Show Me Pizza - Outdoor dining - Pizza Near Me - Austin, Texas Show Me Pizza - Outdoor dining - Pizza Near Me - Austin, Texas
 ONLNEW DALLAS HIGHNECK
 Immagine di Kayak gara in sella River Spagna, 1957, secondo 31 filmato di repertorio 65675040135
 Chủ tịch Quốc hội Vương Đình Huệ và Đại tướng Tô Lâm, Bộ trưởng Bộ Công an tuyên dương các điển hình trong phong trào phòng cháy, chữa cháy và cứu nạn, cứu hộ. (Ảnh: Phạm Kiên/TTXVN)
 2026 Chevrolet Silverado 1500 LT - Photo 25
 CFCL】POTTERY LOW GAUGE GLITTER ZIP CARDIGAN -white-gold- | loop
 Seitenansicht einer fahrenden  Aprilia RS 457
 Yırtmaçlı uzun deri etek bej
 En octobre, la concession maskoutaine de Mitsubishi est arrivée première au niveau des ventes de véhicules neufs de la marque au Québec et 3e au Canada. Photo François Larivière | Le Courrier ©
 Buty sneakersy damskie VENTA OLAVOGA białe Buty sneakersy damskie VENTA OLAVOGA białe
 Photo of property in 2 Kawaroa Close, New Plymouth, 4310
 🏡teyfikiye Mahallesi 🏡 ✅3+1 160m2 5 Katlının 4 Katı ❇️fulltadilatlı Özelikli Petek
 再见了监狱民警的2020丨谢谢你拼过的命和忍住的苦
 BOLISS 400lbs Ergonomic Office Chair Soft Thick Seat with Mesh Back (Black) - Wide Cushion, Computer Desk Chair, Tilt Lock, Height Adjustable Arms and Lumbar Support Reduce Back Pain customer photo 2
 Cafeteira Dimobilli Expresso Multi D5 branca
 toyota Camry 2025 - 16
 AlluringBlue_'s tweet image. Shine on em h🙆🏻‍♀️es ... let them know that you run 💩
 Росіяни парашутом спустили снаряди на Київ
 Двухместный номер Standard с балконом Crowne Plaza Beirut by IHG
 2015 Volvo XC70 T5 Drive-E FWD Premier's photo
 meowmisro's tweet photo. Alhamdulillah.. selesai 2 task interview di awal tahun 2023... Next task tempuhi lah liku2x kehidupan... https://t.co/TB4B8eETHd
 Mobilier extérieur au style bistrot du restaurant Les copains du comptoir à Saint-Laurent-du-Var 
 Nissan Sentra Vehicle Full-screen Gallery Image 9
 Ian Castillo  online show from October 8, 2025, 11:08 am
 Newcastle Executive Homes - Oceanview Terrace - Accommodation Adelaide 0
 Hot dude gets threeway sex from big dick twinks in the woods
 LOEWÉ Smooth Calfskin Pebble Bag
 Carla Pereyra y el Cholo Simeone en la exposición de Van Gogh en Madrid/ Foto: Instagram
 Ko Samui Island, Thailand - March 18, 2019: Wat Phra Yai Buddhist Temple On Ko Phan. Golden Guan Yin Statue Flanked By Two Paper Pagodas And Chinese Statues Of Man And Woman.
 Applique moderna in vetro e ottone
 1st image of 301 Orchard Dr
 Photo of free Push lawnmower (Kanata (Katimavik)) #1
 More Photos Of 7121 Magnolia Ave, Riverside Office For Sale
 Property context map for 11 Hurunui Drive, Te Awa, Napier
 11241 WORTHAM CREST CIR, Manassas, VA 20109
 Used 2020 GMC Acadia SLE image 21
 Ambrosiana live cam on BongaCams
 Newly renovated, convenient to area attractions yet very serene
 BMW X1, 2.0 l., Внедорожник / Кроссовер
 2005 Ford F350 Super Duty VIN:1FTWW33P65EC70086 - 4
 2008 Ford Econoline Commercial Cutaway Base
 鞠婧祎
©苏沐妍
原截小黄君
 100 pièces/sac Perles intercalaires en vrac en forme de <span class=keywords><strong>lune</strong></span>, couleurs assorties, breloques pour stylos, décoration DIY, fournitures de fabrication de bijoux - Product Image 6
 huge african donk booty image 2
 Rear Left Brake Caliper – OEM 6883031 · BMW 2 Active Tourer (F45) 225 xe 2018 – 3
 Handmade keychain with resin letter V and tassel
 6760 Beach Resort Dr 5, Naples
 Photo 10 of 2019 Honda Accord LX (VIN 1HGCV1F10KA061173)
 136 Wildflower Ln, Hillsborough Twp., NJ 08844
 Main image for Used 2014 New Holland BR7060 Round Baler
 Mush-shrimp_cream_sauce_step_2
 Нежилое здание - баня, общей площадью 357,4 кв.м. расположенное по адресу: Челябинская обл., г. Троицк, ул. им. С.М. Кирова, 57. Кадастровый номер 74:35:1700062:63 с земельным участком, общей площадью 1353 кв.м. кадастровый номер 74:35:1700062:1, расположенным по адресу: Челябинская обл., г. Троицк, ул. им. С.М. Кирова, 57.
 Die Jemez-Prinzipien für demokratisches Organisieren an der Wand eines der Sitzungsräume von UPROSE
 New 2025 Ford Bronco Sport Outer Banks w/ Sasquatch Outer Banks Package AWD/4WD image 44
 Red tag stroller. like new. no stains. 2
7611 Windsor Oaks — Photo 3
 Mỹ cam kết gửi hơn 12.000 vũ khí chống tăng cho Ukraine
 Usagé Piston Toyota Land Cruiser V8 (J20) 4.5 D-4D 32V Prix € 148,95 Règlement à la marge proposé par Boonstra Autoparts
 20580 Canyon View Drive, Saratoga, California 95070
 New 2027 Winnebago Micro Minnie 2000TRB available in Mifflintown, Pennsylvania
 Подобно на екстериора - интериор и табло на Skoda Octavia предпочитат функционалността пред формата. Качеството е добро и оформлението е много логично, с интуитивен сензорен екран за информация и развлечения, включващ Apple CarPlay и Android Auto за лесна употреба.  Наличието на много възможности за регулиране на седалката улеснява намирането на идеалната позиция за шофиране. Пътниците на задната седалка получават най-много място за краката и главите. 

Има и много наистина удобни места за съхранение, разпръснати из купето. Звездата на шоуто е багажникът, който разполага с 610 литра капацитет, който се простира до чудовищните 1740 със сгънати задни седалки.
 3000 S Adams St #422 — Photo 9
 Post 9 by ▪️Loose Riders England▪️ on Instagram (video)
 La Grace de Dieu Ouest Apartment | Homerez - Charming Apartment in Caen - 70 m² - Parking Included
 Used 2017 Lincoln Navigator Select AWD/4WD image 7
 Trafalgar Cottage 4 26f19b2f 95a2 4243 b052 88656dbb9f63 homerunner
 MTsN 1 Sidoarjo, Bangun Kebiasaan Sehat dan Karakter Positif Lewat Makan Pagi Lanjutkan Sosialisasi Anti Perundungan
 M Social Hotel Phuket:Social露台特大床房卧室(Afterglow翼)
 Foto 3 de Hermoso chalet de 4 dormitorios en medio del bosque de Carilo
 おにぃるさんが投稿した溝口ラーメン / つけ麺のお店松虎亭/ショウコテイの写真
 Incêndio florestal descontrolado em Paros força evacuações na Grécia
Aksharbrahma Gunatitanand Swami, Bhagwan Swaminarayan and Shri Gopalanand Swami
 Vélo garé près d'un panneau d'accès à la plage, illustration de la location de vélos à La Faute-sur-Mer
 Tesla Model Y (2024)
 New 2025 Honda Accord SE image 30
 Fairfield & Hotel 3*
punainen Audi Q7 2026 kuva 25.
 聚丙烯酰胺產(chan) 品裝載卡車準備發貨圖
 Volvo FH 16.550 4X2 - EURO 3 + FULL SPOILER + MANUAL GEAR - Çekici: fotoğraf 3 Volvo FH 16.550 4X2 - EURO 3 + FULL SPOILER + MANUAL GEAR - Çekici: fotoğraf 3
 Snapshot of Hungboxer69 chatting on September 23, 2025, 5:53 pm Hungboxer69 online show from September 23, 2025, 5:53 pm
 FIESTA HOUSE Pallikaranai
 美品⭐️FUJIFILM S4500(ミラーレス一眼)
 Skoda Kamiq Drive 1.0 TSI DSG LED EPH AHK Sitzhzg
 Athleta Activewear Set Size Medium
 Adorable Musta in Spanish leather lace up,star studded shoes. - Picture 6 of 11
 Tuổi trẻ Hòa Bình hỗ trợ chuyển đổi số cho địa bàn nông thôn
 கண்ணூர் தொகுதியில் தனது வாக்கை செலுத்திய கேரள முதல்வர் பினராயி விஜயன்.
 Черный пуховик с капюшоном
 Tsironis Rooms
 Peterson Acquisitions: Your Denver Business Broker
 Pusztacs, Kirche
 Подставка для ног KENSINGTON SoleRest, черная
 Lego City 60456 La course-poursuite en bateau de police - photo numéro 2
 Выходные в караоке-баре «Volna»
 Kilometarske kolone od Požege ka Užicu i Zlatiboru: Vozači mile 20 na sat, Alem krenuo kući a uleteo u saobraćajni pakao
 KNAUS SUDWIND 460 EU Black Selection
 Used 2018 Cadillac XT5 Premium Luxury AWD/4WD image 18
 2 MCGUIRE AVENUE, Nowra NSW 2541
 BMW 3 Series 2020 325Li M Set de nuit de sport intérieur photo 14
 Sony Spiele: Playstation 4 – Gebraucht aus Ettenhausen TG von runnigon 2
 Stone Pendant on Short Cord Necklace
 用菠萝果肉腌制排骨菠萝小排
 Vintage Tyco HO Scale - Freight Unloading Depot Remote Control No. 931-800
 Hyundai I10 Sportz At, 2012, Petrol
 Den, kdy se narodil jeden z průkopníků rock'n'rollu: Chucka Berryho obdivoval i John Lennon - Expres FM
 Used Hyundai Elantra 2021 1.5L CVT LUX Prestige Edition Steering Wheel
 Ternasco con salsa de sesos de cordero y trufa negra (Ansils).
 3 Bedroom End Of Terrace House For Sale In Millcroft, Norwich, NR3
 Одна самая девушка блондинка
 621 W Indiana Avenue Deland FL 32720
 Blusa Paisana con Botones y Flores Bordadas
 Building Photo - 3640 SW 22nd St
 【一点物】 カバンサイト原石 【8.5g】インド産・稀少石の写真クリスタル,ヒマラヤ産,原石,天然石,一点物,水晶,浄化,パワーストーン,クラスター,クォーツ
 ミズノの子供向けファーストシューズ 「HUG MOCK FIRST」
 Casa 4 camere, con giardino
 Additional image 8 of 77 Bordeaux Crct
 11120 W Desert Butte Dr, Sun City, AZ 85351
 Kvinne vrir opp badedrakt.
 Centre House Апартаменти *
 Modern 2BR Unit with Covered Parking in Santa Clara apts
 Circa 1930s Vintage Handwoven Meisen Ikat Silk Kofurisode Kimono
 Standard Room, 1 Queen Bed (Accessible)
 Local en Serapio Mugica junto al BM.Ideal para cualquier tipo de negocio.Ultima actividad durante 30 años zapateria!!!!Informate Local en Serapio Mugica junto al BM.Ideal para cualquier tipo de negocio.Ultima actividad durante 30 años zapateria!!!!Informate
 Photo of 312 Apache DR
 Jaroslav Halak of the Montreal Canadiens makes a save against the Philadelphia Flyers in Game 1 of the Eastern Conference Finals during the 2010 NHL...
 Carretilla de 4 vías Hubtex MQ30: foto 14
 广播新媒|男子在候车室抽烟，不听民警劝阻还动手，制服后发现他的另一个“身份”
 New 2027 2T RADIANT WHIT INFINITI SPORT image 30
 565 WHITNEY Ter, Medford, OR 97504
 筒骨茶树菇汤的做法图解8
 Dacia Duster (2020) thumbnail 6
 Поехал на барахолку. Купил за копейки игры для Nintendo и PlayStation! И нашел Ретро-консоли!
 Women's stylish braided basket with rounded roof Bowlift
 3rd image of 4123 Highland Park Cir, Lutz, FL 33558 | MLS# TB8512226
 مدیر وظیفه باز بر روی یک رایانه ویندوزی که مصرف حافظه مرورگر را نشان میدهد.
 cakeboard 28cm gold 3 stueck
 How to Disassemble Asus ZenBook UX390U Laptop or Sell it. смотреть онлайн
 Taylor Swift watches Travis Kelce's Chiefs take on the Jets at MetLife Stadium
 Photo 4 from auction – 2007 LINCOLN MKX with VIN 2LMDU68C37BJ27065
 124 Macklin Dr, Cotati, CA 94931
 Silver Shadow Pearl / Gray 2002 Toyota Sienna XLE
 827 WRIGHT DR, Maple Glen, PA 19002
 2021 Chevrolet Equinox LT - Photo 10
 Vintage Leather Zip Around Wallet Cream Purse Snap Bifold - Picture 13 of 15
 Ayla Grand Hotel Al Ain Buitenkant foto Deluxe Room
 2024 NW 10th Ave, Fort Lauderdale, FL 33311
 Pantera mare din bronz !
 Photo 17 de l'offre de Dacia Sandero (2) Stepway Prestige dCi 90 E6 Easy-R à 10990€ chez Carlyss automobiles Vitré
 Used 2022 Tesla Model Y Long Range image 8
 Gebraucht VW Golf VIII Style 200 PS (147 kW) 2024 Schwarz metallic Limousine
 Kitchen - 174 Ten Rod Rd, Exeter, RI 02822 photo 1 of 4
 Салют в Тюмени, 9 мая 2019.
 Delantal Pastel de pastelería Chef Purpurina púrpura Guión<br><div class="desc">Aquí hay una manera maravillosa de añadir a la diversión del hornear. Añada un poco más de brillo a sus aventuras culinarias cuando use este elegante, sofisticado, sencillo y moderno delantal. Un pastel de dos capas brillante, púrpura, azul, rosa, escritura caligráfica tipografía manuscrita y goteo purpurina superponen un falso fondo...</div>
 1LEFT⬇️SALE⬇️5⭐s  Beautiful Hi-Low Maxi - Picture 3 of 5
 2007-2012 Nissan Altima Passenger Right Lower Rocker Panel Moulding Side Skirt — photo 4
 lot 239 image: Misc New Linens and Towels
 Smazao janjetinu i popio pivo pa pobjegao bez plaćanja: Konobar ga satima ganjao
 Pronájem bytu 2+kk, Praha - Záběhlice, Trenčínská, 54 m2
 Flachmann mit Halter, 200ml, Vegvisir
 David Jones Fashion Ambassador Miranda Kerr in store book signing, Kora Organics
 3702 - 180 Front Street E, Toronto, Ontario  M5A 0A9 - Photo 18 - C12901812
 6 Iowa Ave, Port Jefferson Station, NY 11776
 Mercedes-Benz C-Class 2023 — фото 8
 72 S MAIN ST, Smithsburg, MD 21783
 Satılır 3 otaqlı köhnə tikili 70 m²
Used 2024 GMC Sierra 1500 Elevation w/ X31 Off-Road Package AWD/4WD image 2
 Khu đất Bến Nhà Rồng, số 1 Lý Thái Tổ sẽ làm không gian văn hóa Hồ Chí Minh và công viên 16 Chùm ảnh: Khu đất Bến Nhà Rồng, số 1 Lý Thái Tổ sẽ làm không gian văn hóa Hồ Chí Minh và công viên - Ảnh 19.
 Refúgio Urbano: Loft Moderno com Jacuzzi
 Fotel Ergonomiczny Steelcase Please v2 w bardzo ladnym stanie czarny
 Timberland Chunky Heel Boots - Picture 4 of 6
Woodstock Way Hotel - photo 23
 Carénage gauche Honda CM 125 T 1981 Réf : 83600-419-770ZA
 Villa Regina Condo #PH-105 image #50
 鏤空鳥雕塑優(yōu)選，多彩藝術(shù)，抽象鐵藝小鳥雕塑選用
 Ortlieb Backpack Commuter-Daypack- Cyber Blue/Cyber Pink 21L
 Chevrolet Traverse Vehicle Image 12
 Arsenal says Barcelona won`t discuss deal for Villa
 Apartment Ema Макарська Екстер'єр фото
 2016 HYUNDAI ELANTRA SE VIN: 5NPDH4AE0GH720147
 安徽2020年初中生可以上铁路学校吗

★ ★ ★ ★

● **TASK REQUIREMENTS**
Give again exactly, and only, the lines above starting at the one with "Main image for" and ending at the one with "New 2027 Winnebago".

● **RESULT FOR THIS EXERCISE**
 Main image for Used 2014 New Holland BR7060 Round Baler
 Mush-shrimp_cream_sauce_step_2
 Нежилое здание - баня, общей площадью 357,4 кв.м. расположенное по адресу: Челябинская обл., г. Троицк, ул. им. С.М. Кирова, 57. Кадастровый номер 74:35:1700062:63 с земельным участком, общей площадью 1353 кв.м. кадастровый номер 74:35:1700062:1, расположенным по адресу: Челябинская обл., г. Троицк, ул. им. С.М. Кирова, 57.
 Die Jemez-Prinzipien für demokratisches Organisieren an der Wand eines der Sitzungsräume von UPROSE
 New 2025 Ford Bronco Sport Outer Banks w/ Sasquatch Outer Banks Package AWD/4WD image 44
 Red tag stroller. like new. no stains. 2
7611 Windsor Oaks — Photo 3
 Mỹ cam kết gửi hơn 12.000 vũ khí chống tăng cho Ukraine
 Usagé Piston Toyota Land Cruiser V8 (J20) 4.5 D-4D 32V Prix € 148,95 Règlement à la marge proposé par Boonstra Autoparts
 20580 Canyon View Drive, Saratoga, California 95070
 New 2027 Winnebago Micro Minnie 2000TRB available in Mifflintown, Pennsylvania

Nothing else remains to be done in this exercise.